(Records for the exercise begins)

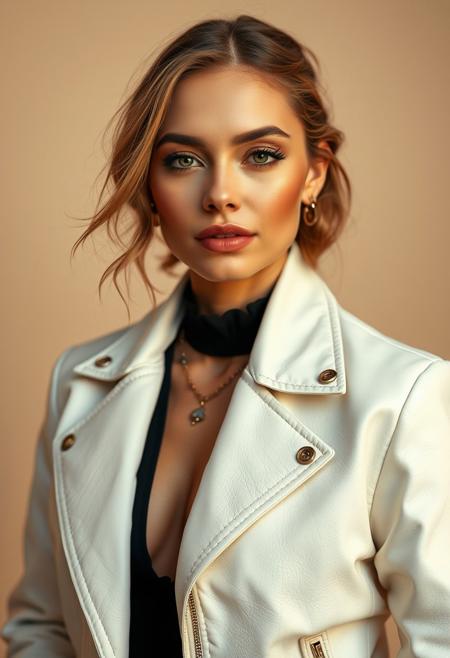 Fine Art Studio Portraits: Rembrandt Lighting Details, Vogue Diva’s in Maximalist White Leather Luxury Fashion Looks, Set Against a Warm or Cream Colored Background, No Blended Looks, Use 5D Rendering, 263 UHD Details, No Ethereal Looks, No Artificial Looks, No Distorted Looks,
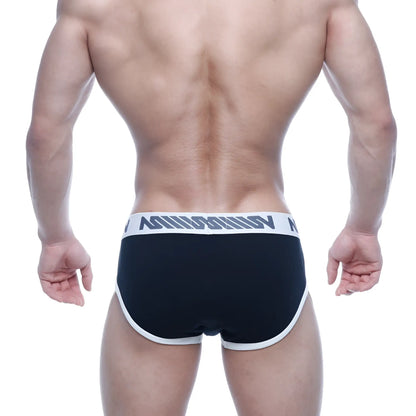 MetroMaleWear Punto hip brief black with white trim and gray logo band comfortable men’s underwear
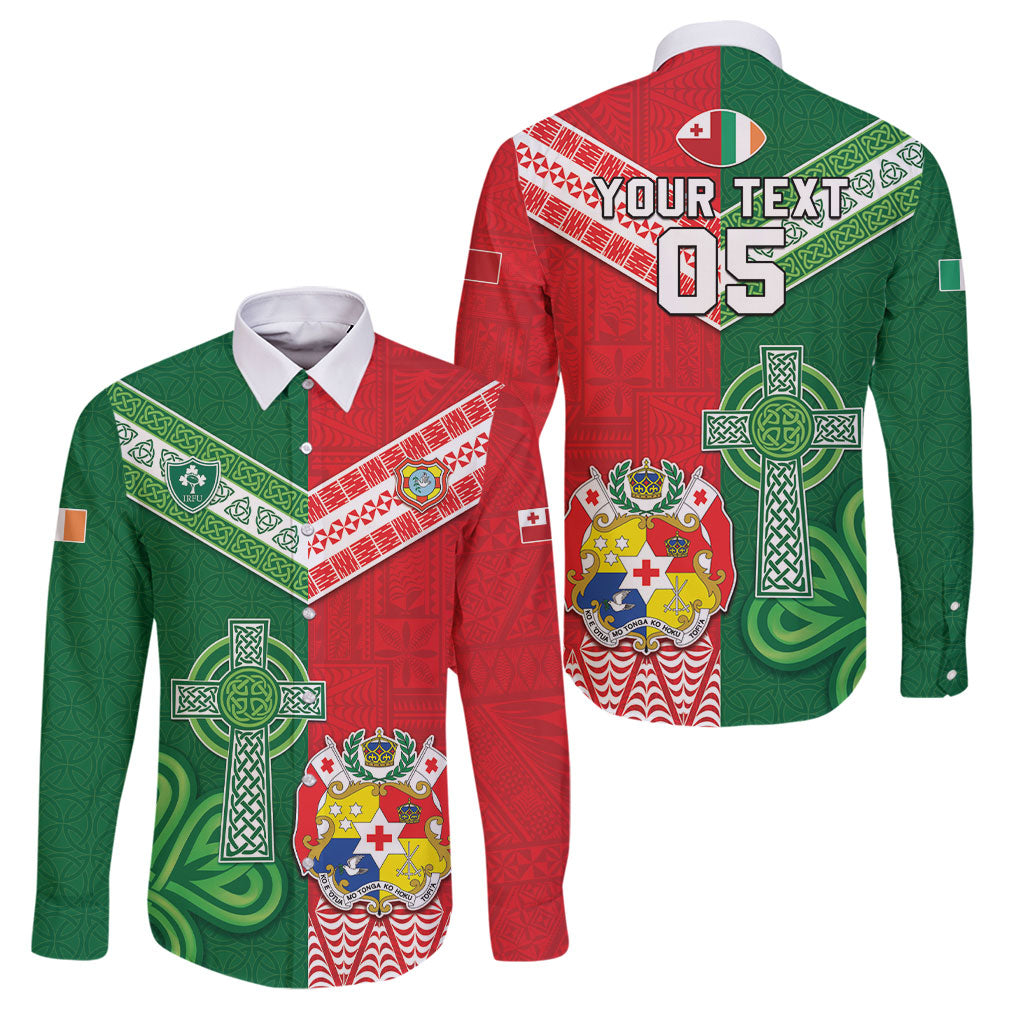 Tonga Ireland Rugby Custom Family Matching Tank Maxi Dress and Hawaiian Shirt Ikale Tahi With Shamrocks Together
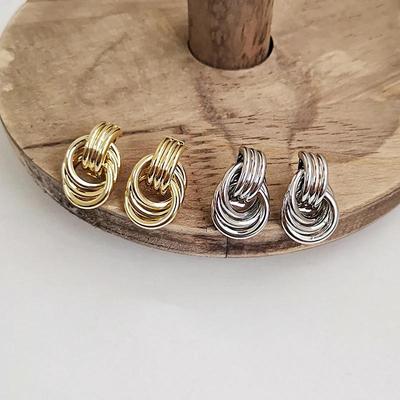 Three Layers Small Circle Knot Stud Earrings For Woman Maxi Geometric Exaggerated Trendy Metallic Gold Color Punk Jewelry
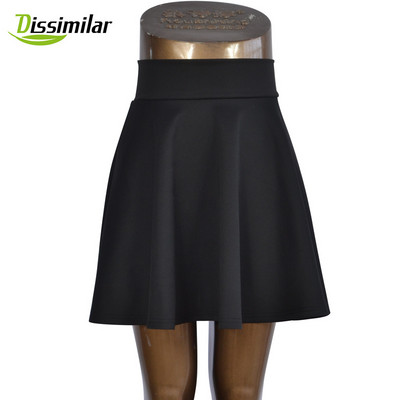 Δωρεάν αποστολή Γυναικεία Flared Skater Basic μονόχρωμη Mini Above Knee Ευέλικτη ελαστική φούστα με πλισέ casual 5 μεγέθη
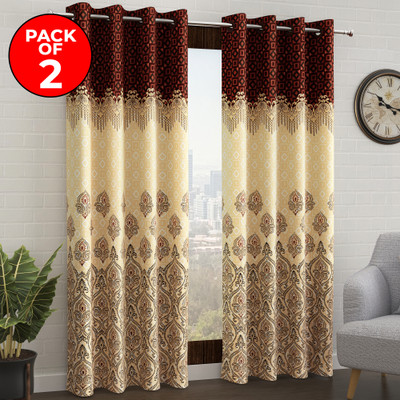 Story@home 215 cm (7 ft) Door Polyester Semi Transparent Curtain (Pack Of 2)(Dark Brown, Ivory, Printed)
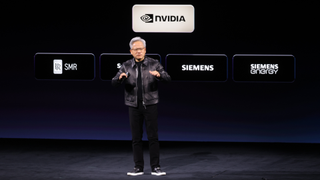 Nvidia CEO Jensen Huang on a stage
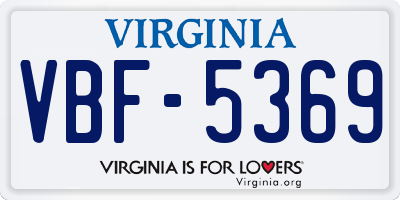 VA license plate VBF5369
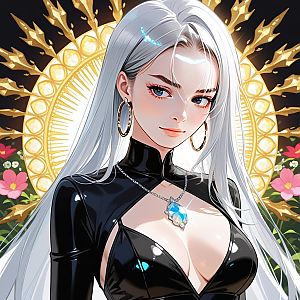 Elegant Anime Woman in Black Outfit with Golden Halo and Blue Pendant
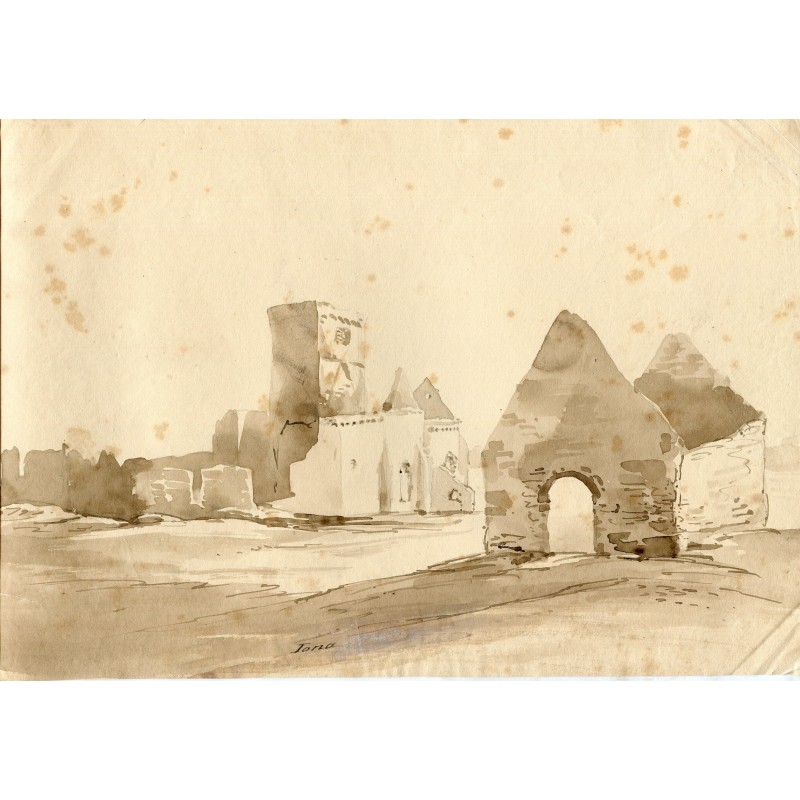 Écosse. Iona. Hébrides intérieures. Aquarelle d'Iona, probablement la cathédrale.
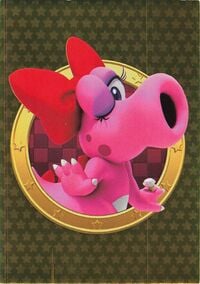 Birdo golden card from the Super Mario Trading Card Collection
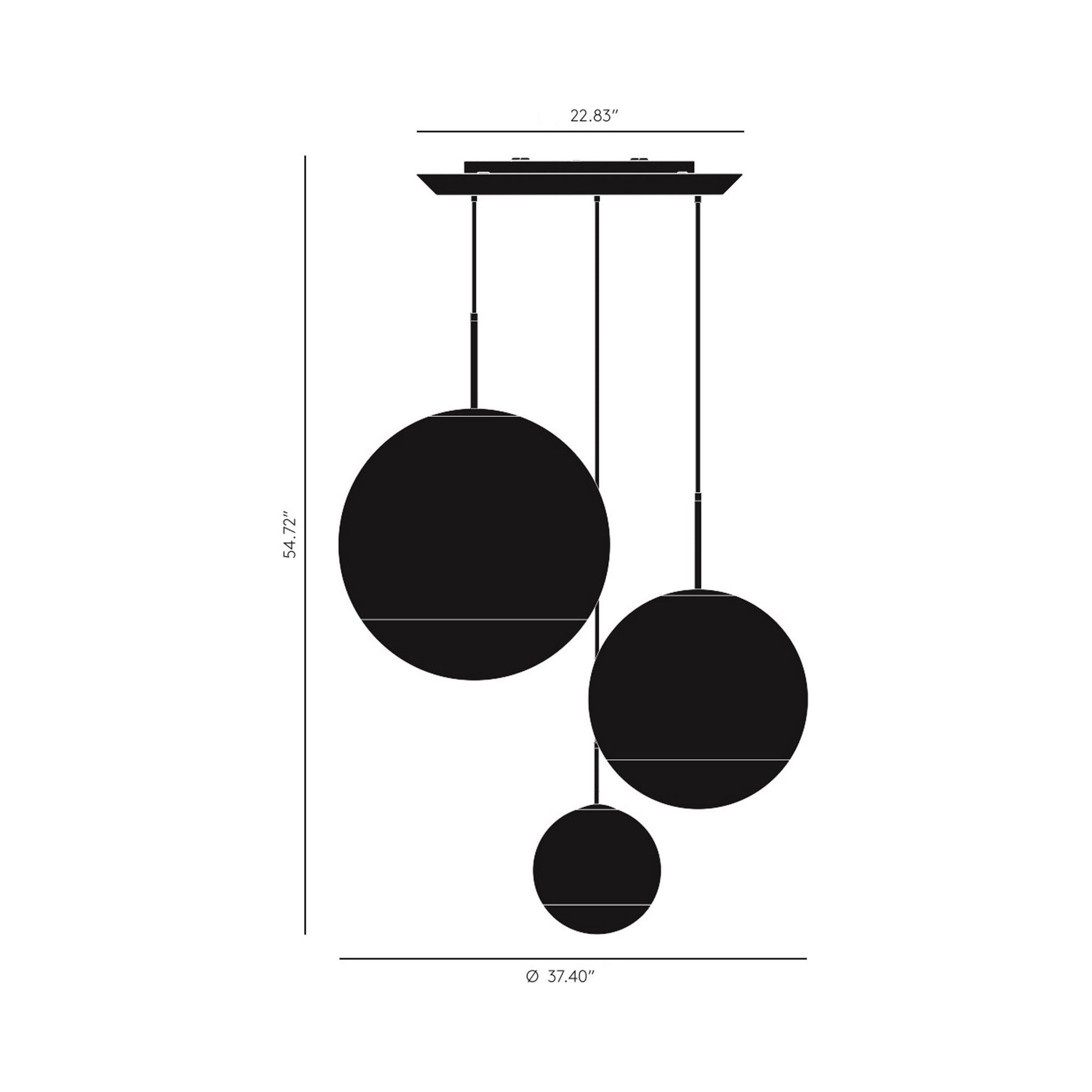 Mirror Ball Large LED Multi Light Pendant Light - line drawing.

(Records for the exercise ends)

■ **Exercise**
Each line from the one containing "Nvidia CEO Jensen Huang on a stage" through the last line above should be retyped exactly, and no other line. Any picture is to be left out.

■ **Problem solution**
 Nvidia CEO Jensen Huang on a stage
 VA license plate VBF5369
 Elegant Anime Woman in Black Outfit with Golden Halo and Blue Pendant
 Écosse. Iona. Hébrides intérieures. Aquarelle d'Iona, probablement la cathédrale.
 Birdo golden card from the Super Mario Trading Card Collection
 Mirror Ball Large LED Multi Light Pendant Light - line drawing.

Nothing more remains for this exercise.